Para Bakhtin (1997), o discurso reportado é definido a partir de três aspectos, os quais são: o tema, a autonomia e os tipos de inter-relação entre o discurso citado e o contexto narrativo. O tema penetra no discurso e deve conservar as suas características estruturais e semânticas, assim como precisa conservar as características do discurso que o absorve. A autonomia do discurso de outro se relaciona ao fato de o discurso reportado ter seu conteúdo conservado, assim como sua integridade linguística e sua autonomia estrutural primitiva.

Outra questão importante abordada por Bakhtin (1997) diz respeito ao contexto de transmissão do discurso reportado. Esse contexto apresenta as sequências verbais que incluem o enunciado do outro e, também, os fins específicos com os quais se dá a transmissão.
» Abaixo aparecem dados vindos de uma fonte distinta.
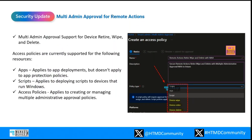The most exciting feature for this month is multi-admin approval for remote actions. As you may be familiar, the multi-admin approval workflow was previously introduced for apps and scripts to allow an extra layer of approval. As an admin or organization, you'll have better control, and you can add a second administrator account that will be used to approve a change before it is implemented. We've seen cases where someone accidentally triggers remote actions like wipe, retire, or delete, causing unnecessary issues for IT management.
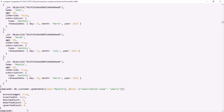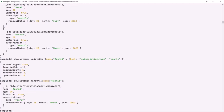Let's query the customer where the name is Rashid using findOne with the filter name equals 'Rashid'. You will notice that now the subscription type of this customer has changed to 'yearly' — earlier it was 'monthly'. This is how we can update a nested document field.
Além disso, envolvem uma terceira pessoa, ou seja, a quem se destinam as sequências bivocalizadas que condicionam os ajustes no dizer, de maneira efetiva ou virtual.

A importância do contexto é reforçada por Bakhtin (1993) quando ele afirma que nenhum enunciado pode ser separado da sua situação social, já que o discurso, por ser um fenômeno da comunicação social, é determinado pelas relações sociais que o suscitam. A situação se integra ao enunciado de tal forma que passa a fazer parte dele, isso faz com que a situação seja indispensável para a compreensão do sentido do enunciado.
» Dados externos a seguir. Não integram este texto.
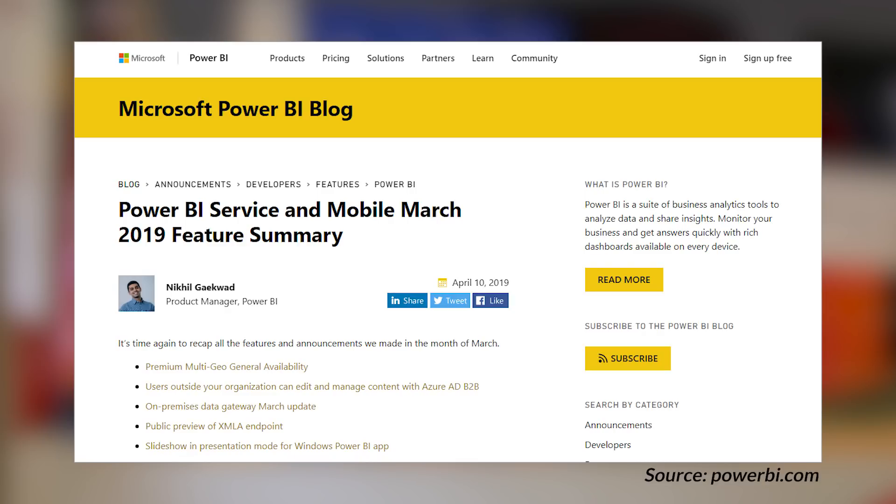The March 2019 summary for the Power BI service, mobile app, and gateway blog post has been released, recapping what happened in March 2019. There were some big things: the preview of XMLA endpoints, multi-geo capabilities going GA from a premium perspective, and users outside of your organization can now edit and view content through Azure AD B2B — that's very exciting. We also got the March update of the on-premises gateway, so make sure you update to the latest version if you haven't already. Go check out the blog post links below and get up to speed on everything that happened in March.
Rodrigues (2005), sustentada por Bakhtin (1993), afirma que, extraverbalmente, um enunciado pode ser analisado a partir dos três elementos que o constituem, os quais são:

a) o horizonte espacial ou temporal: diz respeito ao onde e quando foi produzido o enunciado; diz respeito ao espaço e tempo históricos.

enunciado, ou seja, aquilo de que se fala, a finalidade do enunciado.

c) o horizonte axiológico: relativo à atitude valorativa dos participantes do acontecimento, sejam próximos ou distantes, a respeito do que ocorre em relação ao objeto do enunciado, em relação aos outros enunciados e em relação aos interlocutores.

Entretanto, não se deve crer que tanto discurso quanto enunciado refletem passivamente a situação extraverbal, ou que sejam a expressão de algo já acabado. O enunciado conclui uma situação e representa a sua solução valorativa, desse modo o enunciado sempre cria algo novo e irrepetível.

Nesta seção, apresentei alguns aspectos da teoria de Bakhtin, que estão relacionados a este estudo e que me darão a sustentação básica para desenvolver uma análise linguística do gênero do discurso Boletim de Ocorrência.